Acertó Canetti al afirmar que la paranoia es la enfermedad del poder. Y nadie tal vez por eso la sobrelleva mejor que el psicópata, que –sin remordimientos y con una sonrisa incluso, seductoramente, como quien besa– cosifica a todo aquel que se pone en su camino y al que ‘lee’ siempre, sin excepción, como obstáculo o peldaño para alcanzar el poder o mantenerse en lo más alto. Seres que no dudan en golpear antes, preventivamente, y que prefieren pedir ‘vacíamente’ disculpas antes que permiso.

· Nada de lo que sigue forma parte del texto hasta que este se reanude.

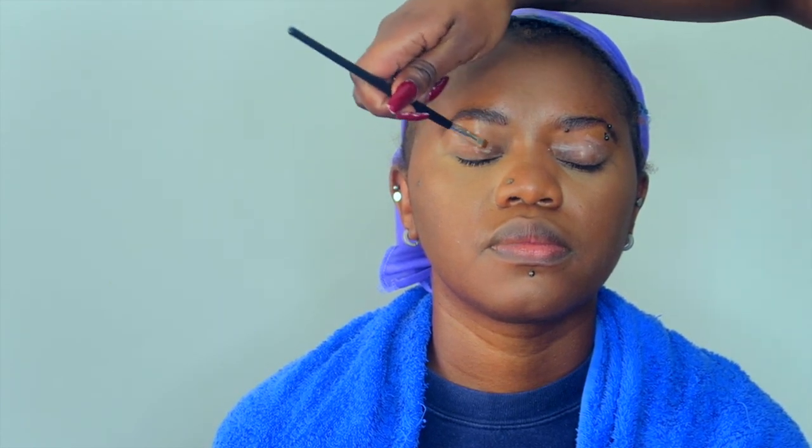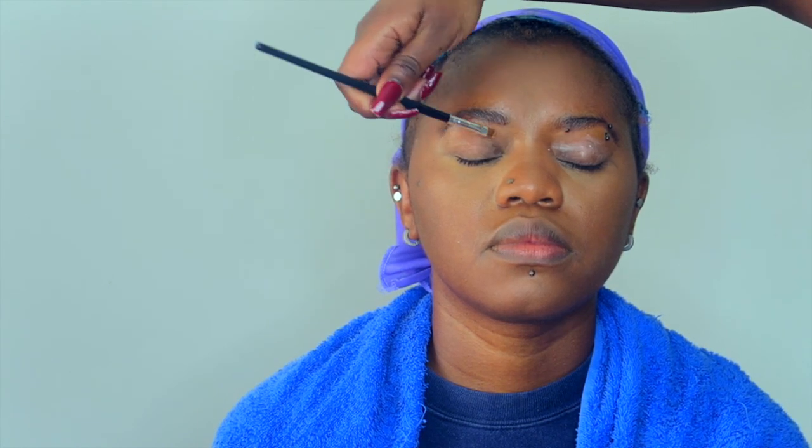I primed her lids with the Wet n Wild eyeshadow primer — I really love that primer. Because she has an oily face, I wanted the eyeshadow to sit nicely, so I applied it all over her eyelids with a brush. Just a reminder: when you apply product on a client, please use brushes. I then went in with a smudge-perfecting concealer and lined under her eyebrows to create a nice defined line, even though they weren't fully drawn out.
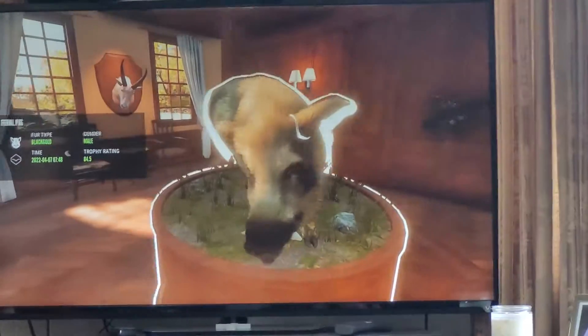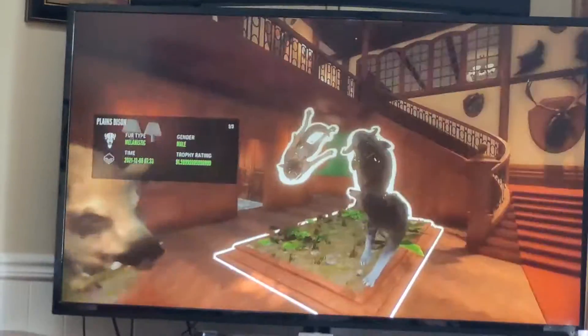Got a black gold hog right here. Definitely rare. You can see right there it says black gold. Melanistic bison.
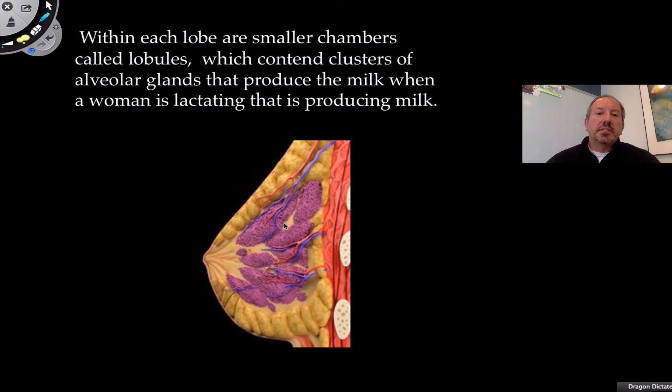Each of these lobes or mammary glands have smaller chambers called lobules, which contain alveolar glands that actually produce the milk when the woman is lactating — meaning producing milk. So if a woman has given birth, the mammary gland will be lactating or generating milk.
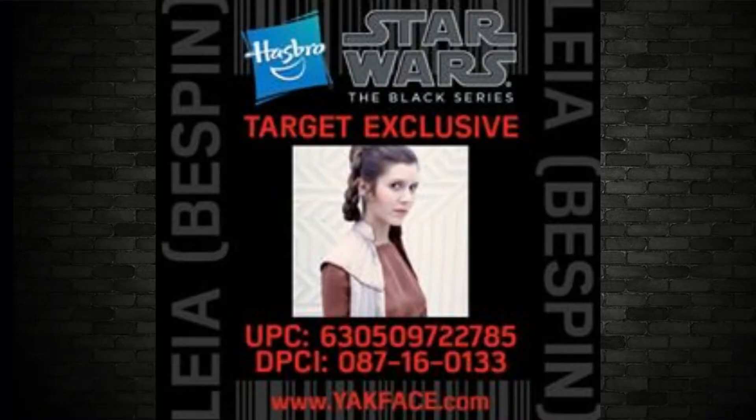There has been a UPC found by Yakface online of a Leia Bespin figure. There's no image of the figure yet, but the rumor is most certainly that that is the figure on its way — and that's going to be amazing.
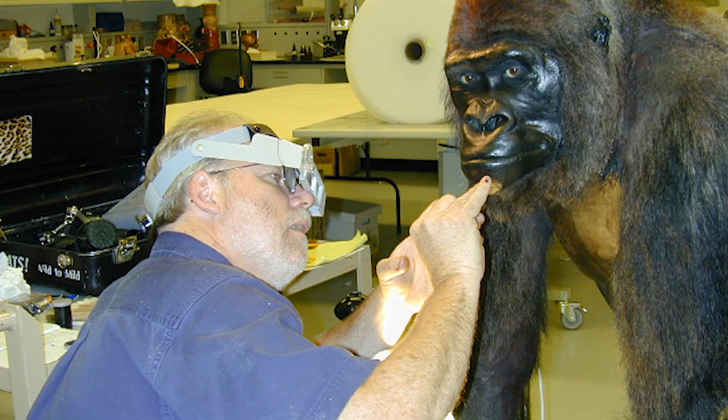We chose Tim Bovard, the taxidermist at the Natural History Museum of Los Angeles, to prepare Don.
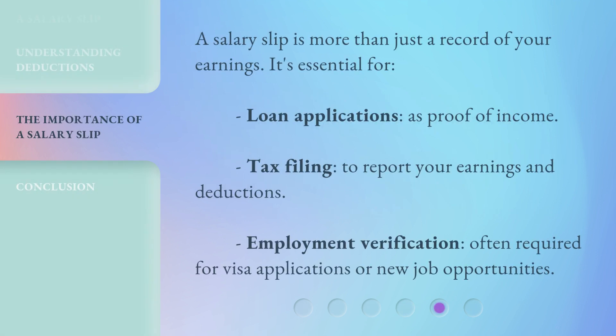A salary slip is more than just a record of your earnings. It's essential for loan applications as proof of income, tax filing to report your earnings and deductions, and employment verification, often required for visa applications or new job opportunities.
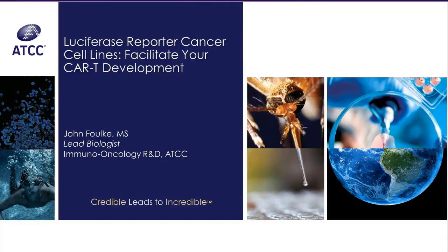Good afternoon. I'm Dr. Brian Shapiro, a scientific content specialist at ATCC. Thank you for joining us for the latest installment in the ATCC Excellence in Research Webinar Series. It's entitled Luciferase Reporter Cancer Cell Lines, Facilitate Your CAR-T Development, presented by Mr. John Folk.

Así son GP (el Presidente), Max (el ministro de Agricultura) y Edu (el director de comunicación del Gobierno): seres con grandes rasgos psicopáticos que encuentran placer en vejar incluso a quienes inocentemente les han enseñado su vulnerabilidad por no ser como ellos: Alex (redactor oficial de discursos), Marta (asistente personal del Presidente), Elisa (periodista investigadora) y Simón (guionista de teleseries e improvisado redactor de discursos políticos), todos ellos delfines que nadan entre tiburones por los que se han dejado seducir y en los que el público se proyecta reconociéndose en ese mismo gesto de no enfrentar muchas veces a quienes consideramos canallas a cambio de mantener oculta nuestra vulnerabilidad una vez que esta ha quedado al desnudo ante los ojos de quienes en adelante sólo serán custodios de nuestro secreto según paguemos por su silencio, muchas veces al alto precio de ser cómplices o espectadores pasivos de sus más reprobables acciones.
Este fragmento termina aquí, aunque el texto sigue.